Michael waits patiently, thinking about all that he's hearing. "But he might not approve. I know it's right, but he might not agree. Different Words, different sets of what is acceptable. Which is why I bet against the Mile Higher Club being functional. On the same team...at cross purposes. So in a sense, they're a microcosm of us. And Flowers left. The extreme of Peace would not withstand the secrets.


"For now," Marc says. "But who can see the future -- besides maybe Yves? And parse the statement I gave you. The statement he would be listening for the Truth of is not whether he would approve of the plan ... but whether he would approve of what the plan would do for Heaven. That will ring True, True, True."


"Funny thing about Flowers -- they could wind up returning to the fold on this," Marc notes. "After all, aren't they the ones who keep saying all we need to do is greet others with friendship? In a sense, isn't that what we were discussing earlier with the Ethereals?"


"It's not all we need, but we need it.”


"Which is why I will bet on their returning," Marc says. "Meanwhile, can I make you an offer on a 'full partnership,' now that I've at least outlined a possibility that might neutralize Dominic? I'm not asking to be let in for free, I'm willing to pay an appropriate price."


"Give me a little more time. We're so very close to that fait accompli.”


"Very well. But for the record, my offer is this. Your team needs friendship, and courage, and many other things in equal measure. It also needs information. I know you have one of the finest spies in Heaven on your side and a vast underground of Saints -- but I've spent a lot of centuries building up a pretty impressive intelligence network, including people in places and positions where some of yours can't easily go. In exchange for a partnership, I am willing to give your agent full access to that network for the duration of the operation ... with the possibility of negotiating afterward to make the arrangement longer-term."
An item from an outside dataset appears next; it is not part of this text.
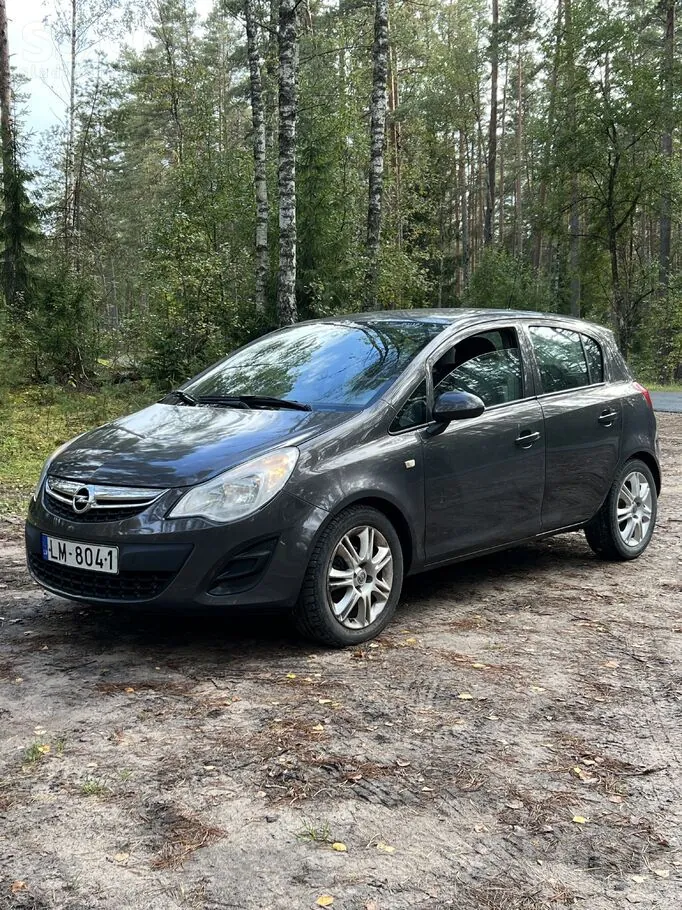 Opel Corsa 2014 photo 2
Michael thinks on this a long time


(Marc calls on one of his own Distinctions, Vassal of Trade, hoping to see what Michael hopes to gain. He’s surprised neither by what War wants nor by the fact that he doesn’t conceal it: recognition for victory)


Michael spends a lot of time thinking about the offer. Marc waits patiently, watching the wheels turn.


"You will be glad you made that offer. Be patient." He pats Marc on the shoulder. "Trust me"


"I always have," Marc says. "Trust me as well? I think it was Corat who said it: 'If you don't trust me, we can't plan.' I look forward to planning with you Michael."


And with that, he gets up, shakes the Archangel's hand, and walks away. He returns the handshake firmly and then goes home to nurse a celestial migraine.